Video yükleniyor...

Video Yüklenemedi

Bu video yüklenirken bir sorun oluştu. Bu geçici bir ağ sorunundan kaynaklanıyor olabilir veya video kullanılamıyor olabilir.

Ana Sayfaya Dön

The best way to get robust, high-quality robot performance is through reinforcement learning; but RL in either the real world or a traditional simulation has lots of limitations. Instead, Jiazhi Yang in RISE does RL in a compositional world model. Learn more ->

Chris Paxton

33,462 subscribers

33,766 görüntüleme • 23 gün önce •via X (Twitter)

Anya Rossi• Live Now

Private livecam show

0 Yorum

Yorum bulunmuyor

Orijinal gönderinin yorumları burada görünecek

Benzer Videolar

Robot policies must be both reliable and highly capable to be useful; the best way to achieve this level of performance is with reinforcement learning. However, for reinforcement learning you are usually stuck between two difficult options: reinforcement in the real world is often risky and expensive, while reinforcement learning in a traditional simulator takes a lot of engineering work and has a persistent sim-to-real gap. What if instead you could train your robot purely in a world model? RISE by Jiazhi Yang et al. uses a compositional world model to predict the future and evaluate progress. This allows for a self-improving pipeline, which learns a world model from real data and then learns how the robot should perform different tasks. This pipeline results in a data-driven way to improve policy performance from real data but without real-world reinforcement learning. Watch Episode #86 of RoboPapers, with Chris Paxton and Jiafei Duan, to learn more!
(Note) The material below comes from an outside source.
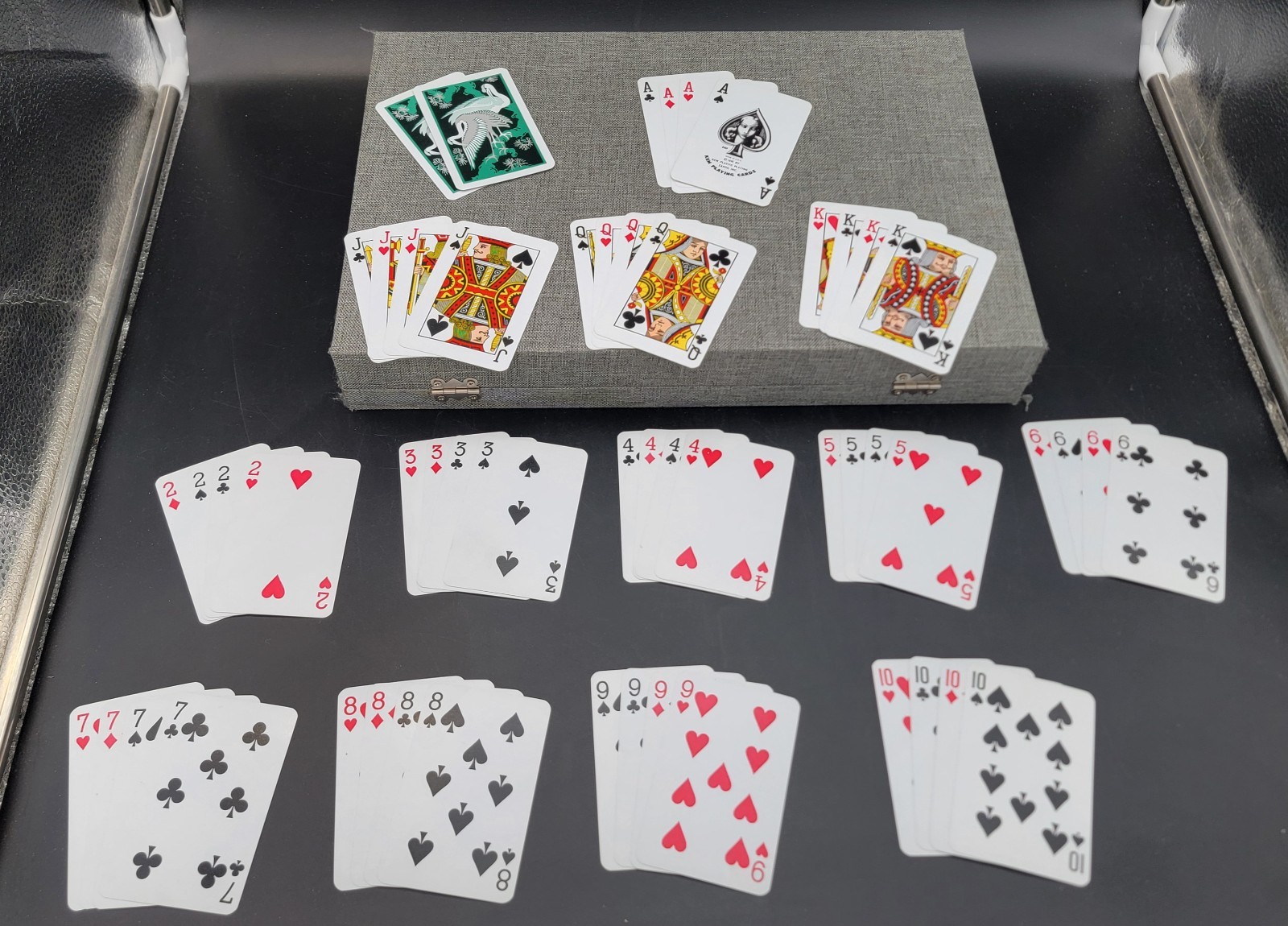 Vintage KEM Playing Cards Flamingo Complete April 1950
Robot policies must be both reliable and highly capable to be useful; the best way to achieve this level of performance is with reinforcement learning. However, for reinforcement learning you are usually stuck between two difficult options: reinforcement in the real world is often risky and expensive, while reinforcement learning in a traditional simulator takes a lot of engineering work and has a persistent sim-to-real gap. What if instead you could train your robot purely in a world model? RISE by Jiazhi Yang et al. uses a compositional world model to predict the future and evaluate progress. This allows for a self-improving pipeline, which learns a world model from real data and then learns how the robot should perform different tasks. This pipeline results in a data-driven way to improve policy performance from real data but without real-world reinforcement learning. Watch Episode #86 of RoboPapers, with Chris Paxton and Jiafei Duan, to learn more!

RoboPapers

38,334 görüntüleme • 23 gün önce

OpenDriveLab just dropped RISE — a new paradigm for robot learning. Instead of expensive real-world trials, robots learn in imagination. A compositional world model simulates futures → evaluates outcomes → updates policy.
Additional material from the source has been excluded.